Haverhill’s Education Support Professionals and School Committee Resume Talks Today

(File photograph.)

Haverhill’s education support professionals and the Haverhill School Committee are scheduled to try again today to resolve differences over proposed pay increases.

The ESPs, represented by the Haverhill Education Association, are calling for more progress toward earning, what they call, a “living wage.” Maureen Zuber, the ESP’s bargaining team chair, said the approximately 180 employees are asking for a 2% wage increase retroactive to the start of this school year and next, plus a $4,000 raise next year.

“Our proposal will accelerate our progress toward a living wage by bringing the starting salary for ESPs to $25,000 starting next school year,” Zuber said in a statement. “Haverhill’s ESPs have been undervalued and underpaid for long enough.
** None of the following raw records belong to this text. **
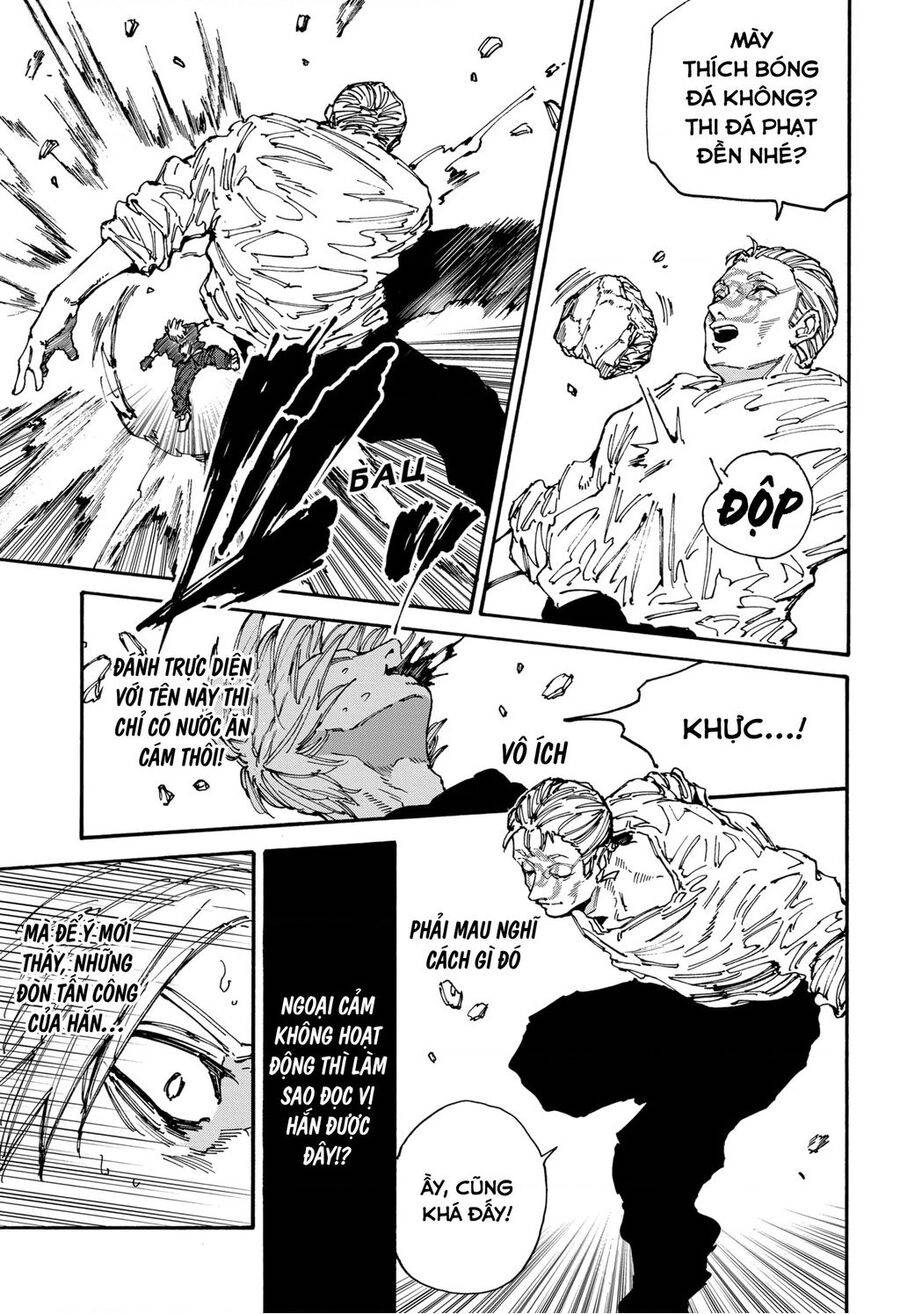 Sát thủ về vườn - Chapter 156 - Page 13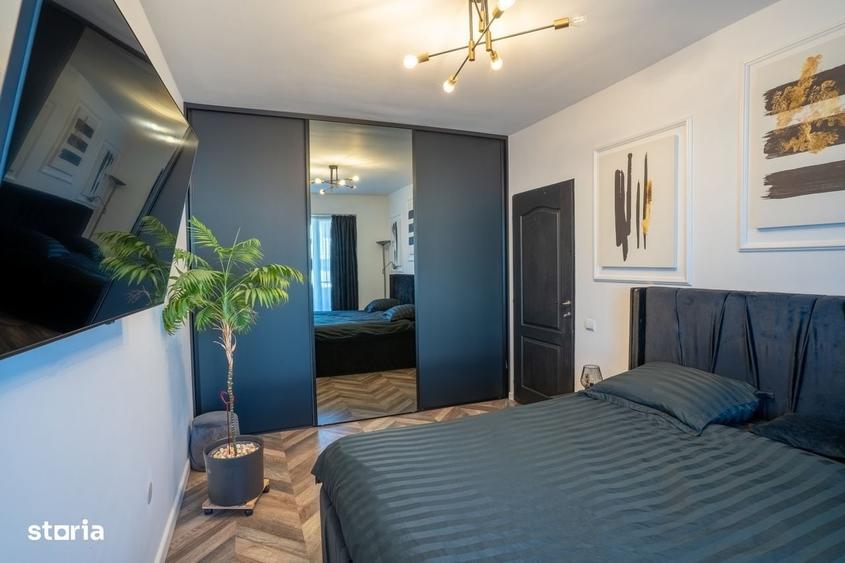 Panorama Faget | Design Modern & Confort Absolut | Loc de Parcare - 13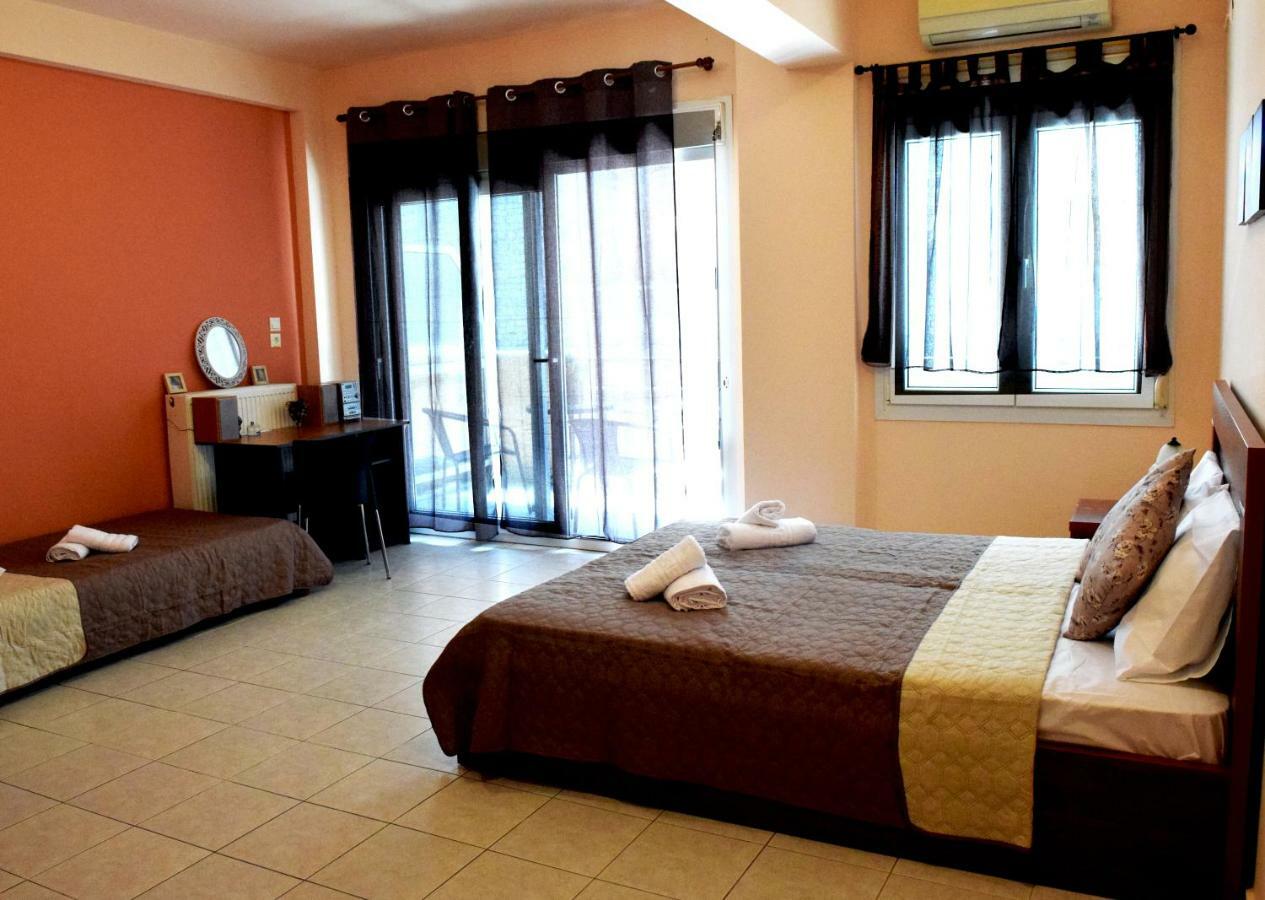 Arianna Studios Kavala Esterno foto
It’s time for a market correction not just in Haverhill but across the country to make sure these educators and all school staff are compensated fairly for the essential services they provide.”

Elaborating, Haverhill Education Association President Anthony J. Parolisi told WHAV, such professionals have historically been paid “poverty wages” statewide, but there has been recent progress in places such as Somerville. He explained, “We’re trying to set a new standard.” Parolisi said the union’s interpretation of MIT’s living wage calculator for Essex County is an annual wage of $34,000 for one adult with no children if they work 2,080 hours per year.

The contract between the ESPs and school department expired last June and was initially stalled by the coronavirus outbreak last spring. Talks resumed last fall. Parolisi said the city has the money thanks to the Student Opportunity Act. Instead, Parolisi said, “I think some are worried about setting a precedent for other low-wage workers to organize around their own living wage demands.”

Zuber said the School Committee prefers to take “a slower, incremental path” to paying more. She said she has been waiting since her youngest daughter Kimberly started first grade, adding, “Well, my daughter is now a junior in college at UMass. I think I have waited long enough.”